This finished, she ordered Mr. Emersham to draw up the form of her will, wherein she declared her wish that the Brand property should be sold, and the proceeds used to found a charitable institution in Regis, declaring, heedless, of Mr. Emersham's looks of astonishment, that St. Udo Brand being dead, she had resolved that an impostor should never occupy his place. In dead silence then she awaited the arrival of the vicar; the lawyer sitting opposite her gnawing the feather of his pen, and peering inquisitively at her.
Presently the blown office boy ushered in the vicar of Regis, a tall, snowy-haired divine, whose very presence diffused an atmosphere of safety around the persecuted woman.
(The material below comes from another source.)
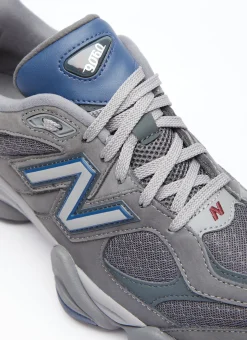 9060 Sneakers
She had already a slight acquaintance with him, and after a cordial greeting from him, she explained the favor she wished to receive, apologizing timidly for intruding her affairs upon him.
"My advisers, Mr. Davenport and Dr. Gay, are both away," she said, "and wishing to join the doctor, I feel that I must provide against any contingency which may arise. Will you, jointly with Mr. Emersham, undertake the charge of these documents for two days?"
Mr. Challoner readily consented. He had always liked the earnest-faced woman, who took her place so regularly in church, and whose praises were sounded so frequently by the lowliest of his flock.
Symonds was called in to append his name as one of the witnesses to Margaret Walsingham's will, Mr. Challoner being the other, and then the office door was shut mysteriously upon the lady and her two counselors, and gave them her instructions.
With her own hand she placed the document which condemned Roland Mortlake as St. Udo's assassin, his note-book, and her will, in an empty pigeon-hole of the lawyer's dusty drawers, locked it, and put the key in the old vicar's hand.
"Come here on Thursday evening at seven o'clock," she said, "with that key; wait until fifteen minutes past the hour, and if I do not arrive then, you must take out the document and read it. If you fail to act up to its instructions, a murderer will escape. I place the key in your hand, because foul play might be attempted upon Mr. Emersham to force him to betray my trust—foul play will not be attempted upon you."
They silently regarded the whitening face, when her womanly terrors struggled with the fixed, fatal look of vengeance, and solemnly promised to do her will.
Then the vicar shook hands and went away.